The elastic field and the interaction energy of anisotropic precipitates in an anisotropic matrix are investigated. The matrix is subjected to an applied strain field or the precipitates undergo stress-free transformation strains. Using the tensor elastic Green function, an integral equation is formulated for anisotropic precipitates embedded in an infinite anisotropic matrix. This equation is reduced to a system of algebraic equations by expanding the strains in Taylor series about the arbitrary points in the precipitates, and the strain distributions inside the precipitate are obtained. The strains outside the precipitates can also be obtained since the integral equation is written in terms of generalized functions. Employing the procedure described above, the following problems are specifically solved:
ⅰ) Non-uniform problem of an ellipsoidal precipitate in an anisotropic matrix;
The expressions for the strain field throughout the entire region, very effective for numerical computations, are obtained. It is directly proved that the final state of the strain in an ellipsoidal precipitate is a polynomial of degree M in $x_i$, when an applied strain and/or a stress-free transformation strain are polynomials of degree M in $x_i$. Illustrations are made for the simple cases (M≤1). The discontinuities of the strains across the boundary between the precipitate and the matrix are represented explicitly, and the asymptotic behavior of the strains at the point far from the precipitate is obtained. It is shown that the strains at the points far form the presipitate ($\mid{x}\mid ≪ 1$) are of order ($\mid{x}\mid^{-3}$) or higher.
ⅱ) Approximation of strain field within two anisotropic spherical precipitates embedded in an anisotropic matrix;
Since the present method requires no symmetry condition between the two spherical precipitates, it is possible to obtain the strain distribution within the precipitates when the elastic constants and/or the sizes of the precipitates are different from each other. The strains are expanded about arbitrary points, giving more accurate results than those presented elsewhere.

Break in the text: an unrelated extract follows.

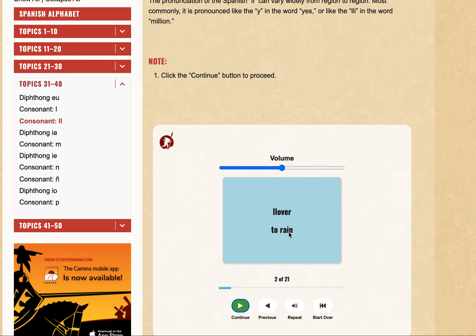Llover. Llover. LL is replaced by Y in terms of pronunciation, so it's Yolver. Yolver.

ⅲ) Elastic interactions between two anisotropic spherical precipitates and their asymptotic behaviors;
It is confirmed that an interaction energy between two spherical anisotropic precipitates (not necessarily identical to each other) separated by a large distance $\mid{d}\mid$ is of order ($\mid{d}\mid^{-3}$) or higher. Numerical computations are performed for the case of two identical misfitting anisotropic precipitates in an anisotropic matrix of cubic symmetry. It is observed that far-field interactions ($\mid{d}$\mid≫ 2a$) depend on the anisotropic factor $H = C_{12} + 2C_{44} - C_{11}$ of the matrix. When the factor H is positive, the far-field interactions are attractive between the two precipitates aligned along 〈001〉 directions of the matrix, while repulsive along 〈111〉 directions. In contrast, the far-field interactions are repulsive along 〈001〉 directions, and attractive 〈111〉 directions, when the factor H of the matrix is negative. It appears that the near-field ($\mid{d}\mid\simeq 2a$) interactions are strongly dependent on the direction of the alignment of the precipitates and the difference between the elastic moduli of the precipitates and the matrix.